El club cerró la puerta a su salida. Él, al final, también. «Trabajar con Guardiola me habría permitido tener una experiencia aún mayor, técnica y tácticamente», reconoció. Pero el contexto familiar, el vínculo emocional con la Juventus y el mensaje de la directiva inclinaron la balanza.

El paréntesis Milan y la fractura con Allegri

Paradójicamente, Bonucci sí terminó saliendo de la Juventus poco después. No hacia Inglaterra, sino hacia el Milan, en 2017. No fue una decisión deportiva planificada, sino la consecuencia de una fractura interna.

«Había perdido el enfoque con lo que pasó en 2017. Estaba a punto de convertirme en un pilar de la Juventus, ese era el camino que estaba destinado a seguir», recordó.

Aquel movimiento al Milan estuvo marcado por la famosa discusión con el entrenador Massimiliano Allegri. Un conflicto que rompió la relación y empujó al central a cambiar de aires. Su aventura en San Siro duró solo una temporada. Regresó a Turín en cuanto se abrió la puerta, ya sin el mismo contexto técnico.

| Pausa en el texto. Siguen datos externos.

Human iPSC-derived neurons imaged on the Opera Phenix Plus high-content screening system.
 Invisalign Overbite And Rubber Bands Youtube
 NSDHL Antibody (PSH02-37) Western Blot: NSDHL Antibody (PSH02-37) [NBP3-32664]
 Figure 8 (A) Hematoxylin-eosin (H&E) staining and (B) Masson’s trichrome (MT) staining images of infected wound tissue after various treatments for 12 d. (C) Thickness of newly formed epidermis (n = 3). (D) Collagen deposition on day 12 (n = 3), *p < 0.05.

Hoy, desde el banquillo de la selección italiana, Bonucci mira atrás y ve todas esas bifurcaciones: la final de Champions, la Eurocopa, las llamadas de Guardiola, la enfermedad de su hijo, la pelea con Allegri, el breve paso por el Milan. En una de ellas, pudo convertirse en el central de referencia del proyecto de Guardiola en la Premier League.

En otra, decidió seguir siendo el símbolo de la Juventus que siempre soñó ser.